From   Afif Naeem <>
To   <>
Subject   RE: st: using post stratification weights
Date   Tue, 14 Feb 2012 11:37:19 -0500

> Date: Mon, 13 Feb 2012 12:52:08 -0500
> Subject: Re: st: using post stratification weights
> From:
> To:
> On Mon, Feb 13, 2012 at 11:36 AM, Afif Naeem <> wrote:
> > The survey code-book does not provide much information with regards to design-stratification. But they do tell me that they used some combination of random digit dialing (RDD) sampling and address-based sampling (ABS) methodology. I have a feeling that they did not used design-stratification for sampling purposes.
> If they obtained a part of the sample from RDD frame, and another part
> from ABS frame, then these are two independent strata, and should be
> accounted as such. You'd have to continue clarifying this.

I guess the sampling in completely random with RDD and ABS. In that case, do I still need to define/take care of the two strata arising from RDD and ABS?

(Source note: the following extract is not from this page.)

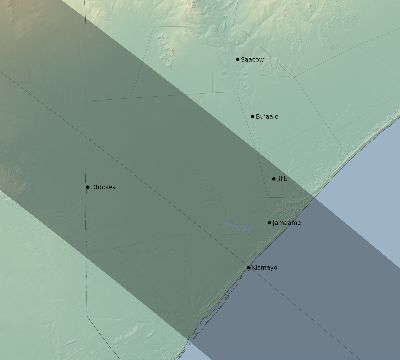 Map of the eclipse path across Somalia on 10/11/2675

> > My main concern is the low response/completion rate of the survey i.e. 62.5% of respondents do actually complete the survey. Would using the post-stratification (i.e. Raking) weights without mentioning any post-strata correct for any bias that may arise due to low response rate? And where/how would the variable used (mentioned below) used in the Raking process would come into play? (assuming if the do come into play)
> If the response is MAR with the variables determining non-response
> used in the non-response model that led to the post-stratification
> adjustments (i.e., age, gender, etc.), then you will be fine. But this
> is a strong assumption to make.

Can you please elucidate on this point further more. Plus what does MAR stand for?

> > Moreover, the post-stratification weight variable provided in the data set ranges from a value of 0.13 to 5.6, with a mean value of 1.000075. As far as I understand, pweight is the inverse of sampling fraction and hence should be greater than (or equal to) 1. Do I need to worry about it or STATA will adjust for it?
> Stata will not make any guesses; if you specified these weights, Stata
> will use them, and does not care whether they sum up to the total
> population size (as they should) or to the sample size (which is a
> shortcut for SAS or SPSS that can't do things otherwise). It is up to
> the analyst to specify the weights appropriately and interpret the
> results. If you don't need to estimate the population totals (total
> income; total # of events; etc.), then you can get along with these
> weights.

So how should I specify the weights appropriately? Do I have to modify the weights given in the data set?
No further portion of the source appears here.